PROBLEM DESCRIPTION:
An exact copy of every record, with no pictures, please.

+++++

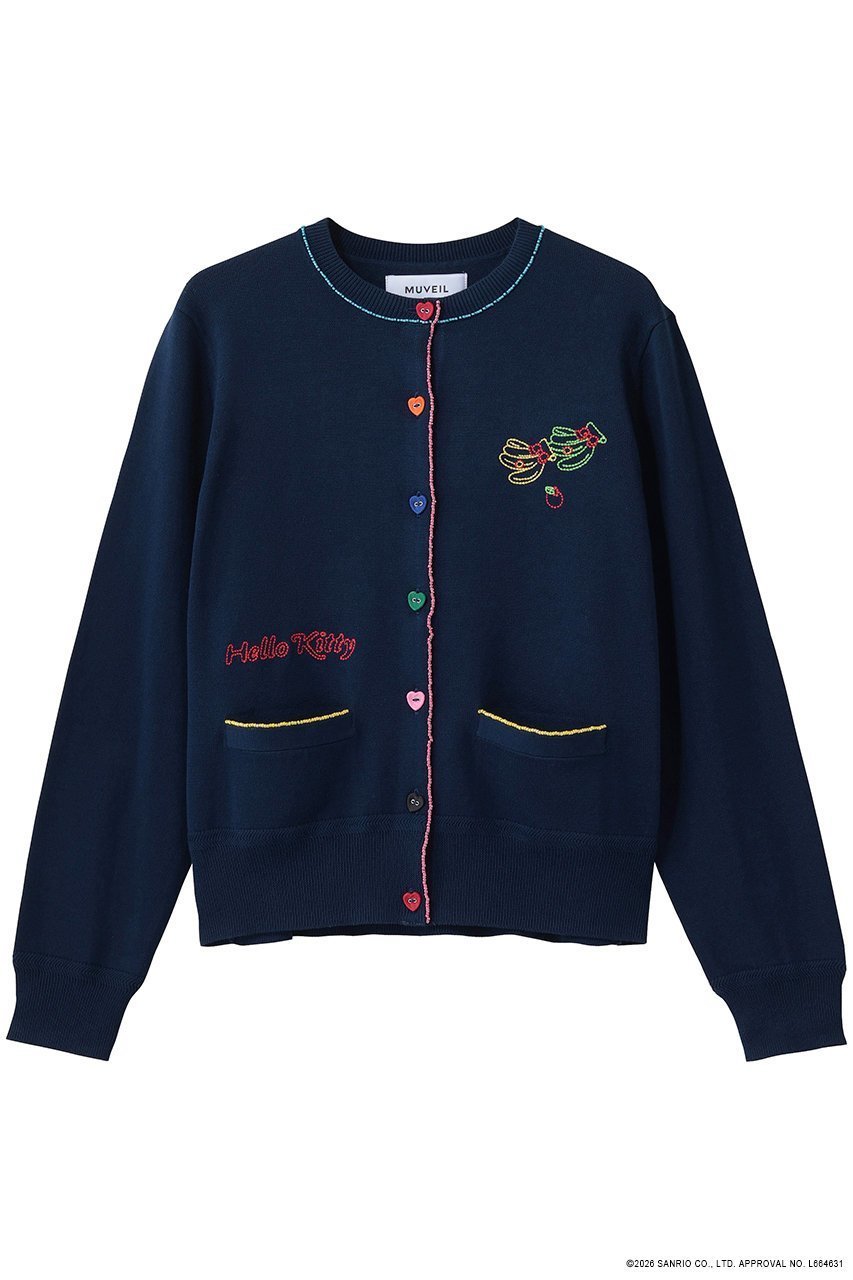 【ミュベール/MUVEIL】のサンリオキャラクターズコラボ ハローキティ カーディガン インテリア・キッズ・メンズ・レディースファッション・服の通販 founy(ファニー) 　ファッション　Fashion　レディースファッション　Fashion for Women　トップス・カットソー　Cut & Sew Tops　ニット　Knit Tops & Sweaters　カーディガン・羽織り　Layered Style Cardigans　なめらか　Smooth, Silky Texture　カーディガン　Cardigan, Knitwear　グログラン　Grosgrain, Grosgrain Ribbon　トレンド　Trend, Trending Now　ベーシック　Basic, Essential　新作・新入荷　New Arrivals / New In　ネイビー|ID: prp329100004873046 ipo3291000000036346536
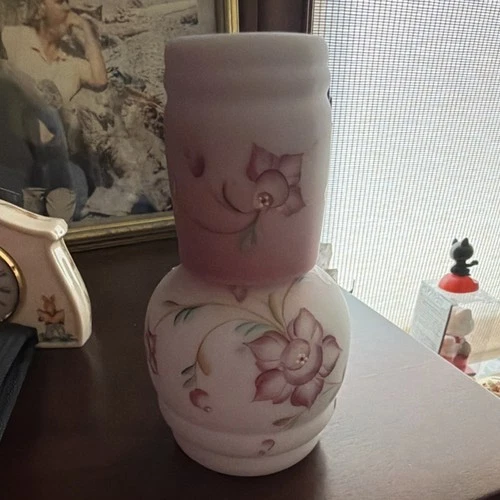 Fenton Hand Painted Pink White Floral Art Glass Vase Matte Finish Hand Blown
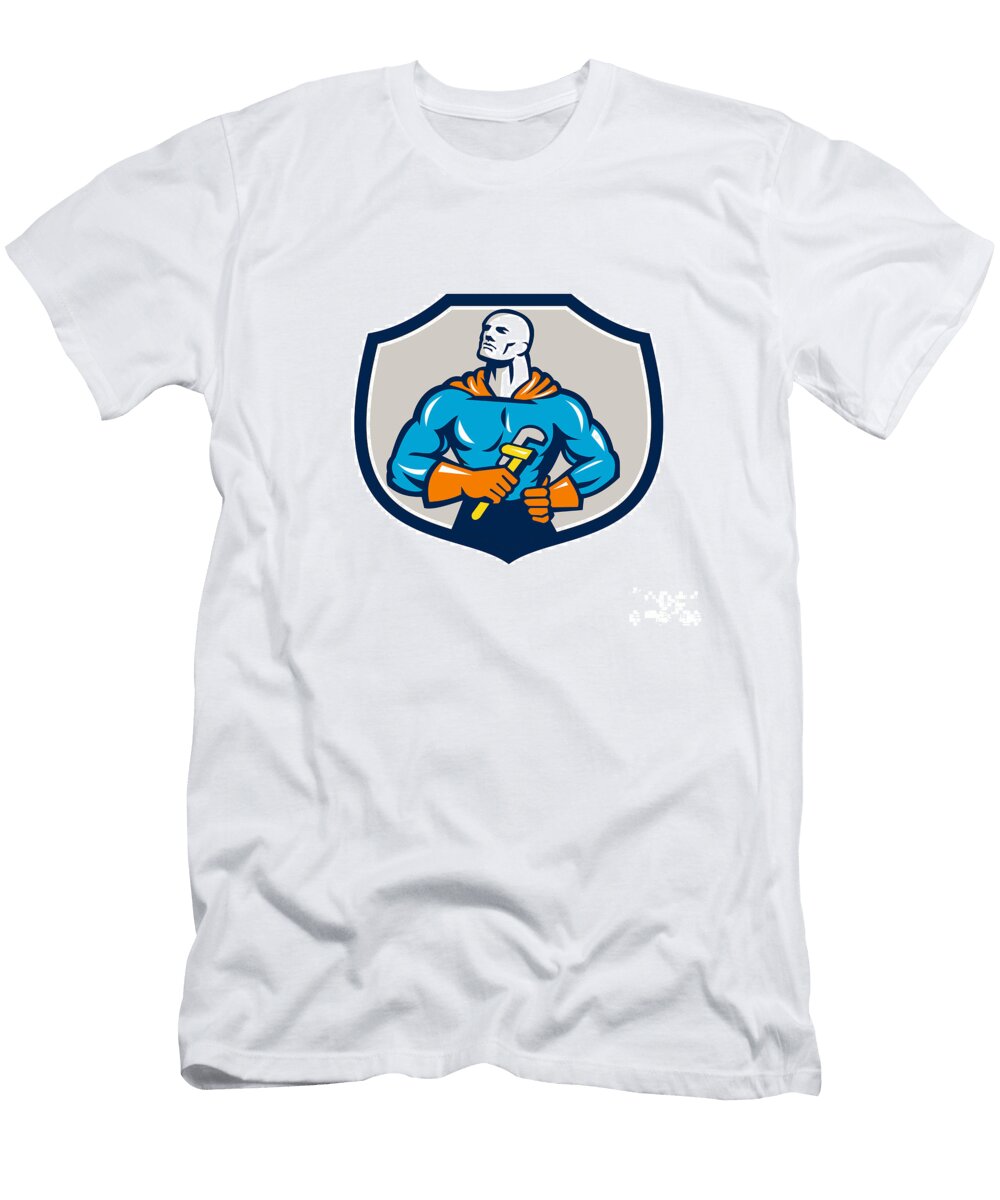 Plumber Superhero Monkey Wrench Crest Retro Aloysius Patrimonio T-Shirt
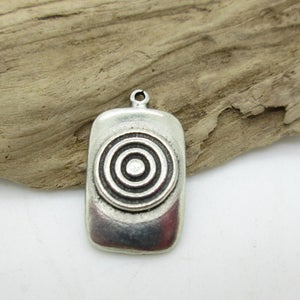 Spiral Pewter Pendant, Small Spiral Pendant, Tribal Spiral, 22x12 (1)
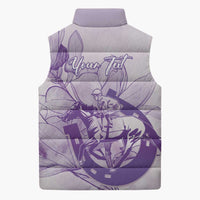 Personalized Louisiana Horse Racing Derby Sleeveless Puffer Jacket Magnolia Blossom Horseshoe Pastel Purple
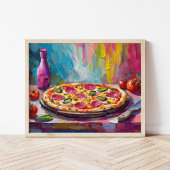 Pizza Kleurrijke Moderne Abstracte Kunst Poster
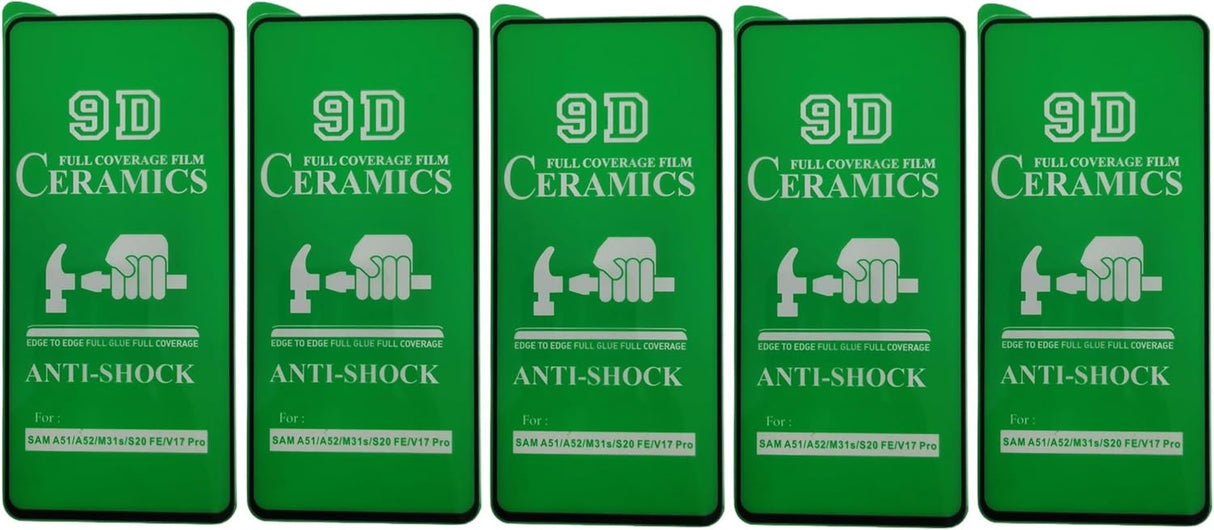 Five green phone screen protectors.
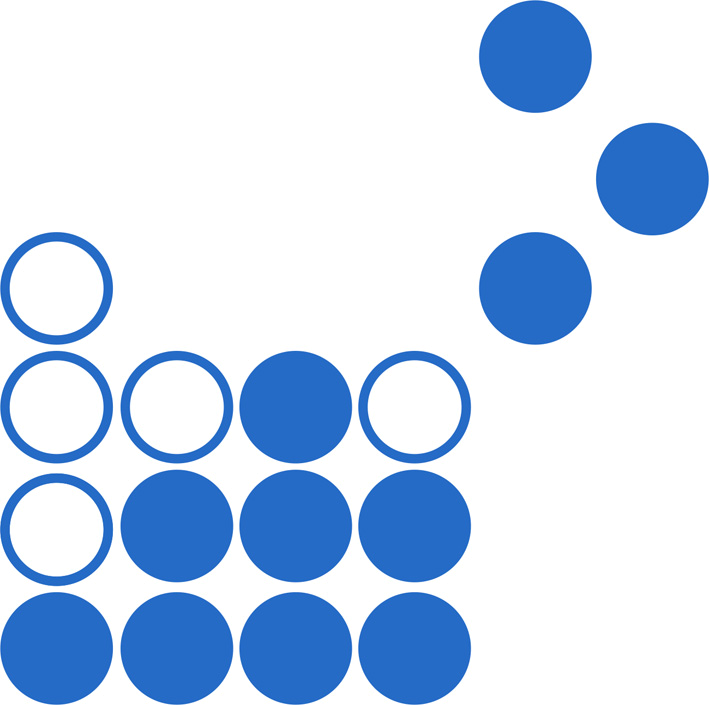 Das Logo des Vereins Leben mit Handicaps e.V.: Himmelblaue Kreise und Punkte bilden ein Viereck. Die Kreise und Punkte wechseln sich unregelmäßig ab. Auf Höhe der rechten oberen Ecke des Vierecks bilden drei himmelblaue Punkte ein Dreieck. Die Spitze des Dreiecks zeigt nach rechts. Rechts daneben steht in dicken himmelblauen Buchstaben der Name des Vereins. Darunter steht auf zwei Zeilen verteilt in dünnen Buchstaben und in derselben Farbe Kompetenzzentrum für behinderte und chronisch kranke Eltern in Sachsen.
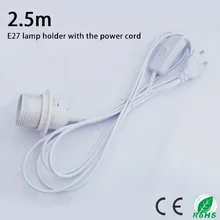 2.5m Suspension E27 lamp holder,The power cord length of 2.5m, round plug and switch ,White luster E27 base with external thread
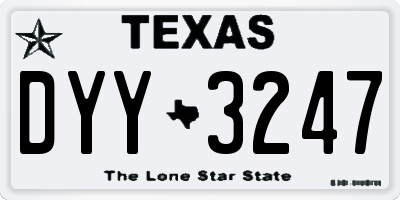 TX license plate DYY3247
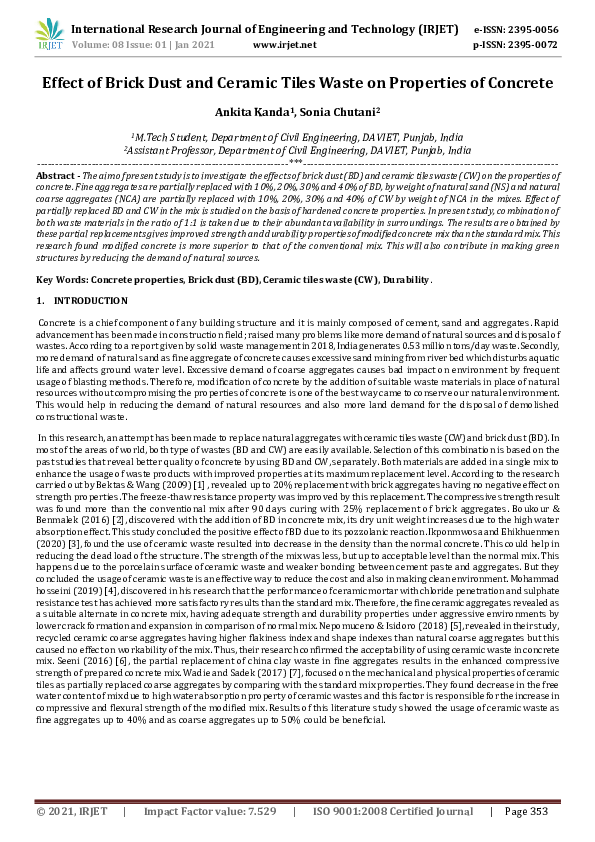 (PDF) IRJET- Effect of Brick Dust and Ceramic Tiles Waste on Properties ...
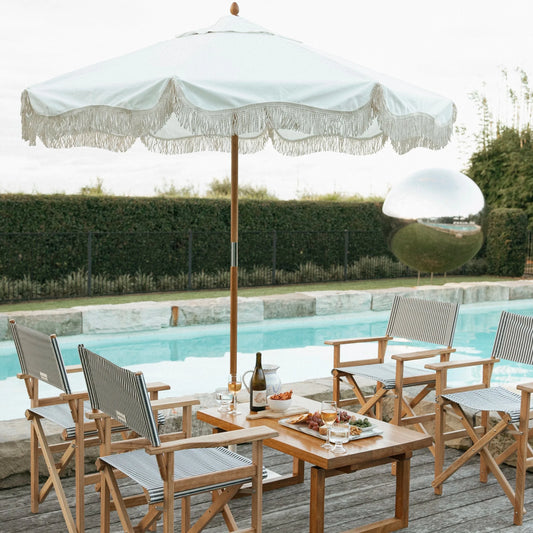 Marktschirm mit Fransen, Antikweiß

+++++

SOLUTION TO THIS TASK:
 【ミュベール/MUVEIL】のサンリオキャラクターズコラボ ハローキティ カーディガン インテリア・キッズ・メンズ・レディースファッション・服の通販 founy(ファニー) 　ファッション　Fashion　レディースファッション　Fashion for Women　トップス・カットソー　Cut & Sew Tops　ニット　Knit Tops & Sweaters　カーディガン・羽織り　Layered Style Cardigans　なめらか　Smooth, Silky Texture　カーディガン　Cardigan, Knitwear　グログラン　Grosgrain, Grosgrain Ribbon　トレンド　Trend, Trending Now　ベーシック　Basic, Essential　新作・新入荷　New Arrivals / New In　ネイビー|ID: prp329100004873046 ipo3291000000036346536
 Fenton Hand Painted Pink White Floral Art Glass Vase Matte Finish Hand Blown
 Plumber Superhero Monkey Wrench Crest Retro Aloysius Patrimonio T-Shirt
 Spiral Pewter Pendant, Small Spiral Pendant, Tribal Spiral, 22x12 (1)
 Personalized Louisiana Horse Racing Derby Sleeveless Puffer Jacket Magnolia Blossom Horseshoe Pastel Purple
 Pizza Kleurrijke Moderne Abstracte Kunst Poster
 Five green phone screen protectors.
 Das Logo des Vereins Leben mit Handicaps e.V.: Himmelblaue Kreise und Punkte bilden ein Viereck. Die Kreise und Punkte wechseln sich unregelmäßig ab. Auf Höhe der rechten oberen Ecke des Vierecks bilden drei himmelblaue Punkte ein Dreieck. Die Spitze des Dreiecks zeigt nach rechts. Rechts daneben steht in dicken himmelblauen Buchstaben der Name des Vereins. Darunter steht auf zwei Zeilen verteilt in dünnen Buchstaben und in derselben Farbe Kompetenzzentrum für behinderte und chronisch kranke Eltern in Sachsen.
 2.5m Suspension E27 lamp holder,The power cord length of 2.5m, round plug and switch ,White luster E27 base with external thread
 TX license plate DYY3247
 (PDF) IRJET- Effect of Brick Dust and Ceramic Tiles Waste on Properties ...
 Marktschirm mit Fransen, Antikweiß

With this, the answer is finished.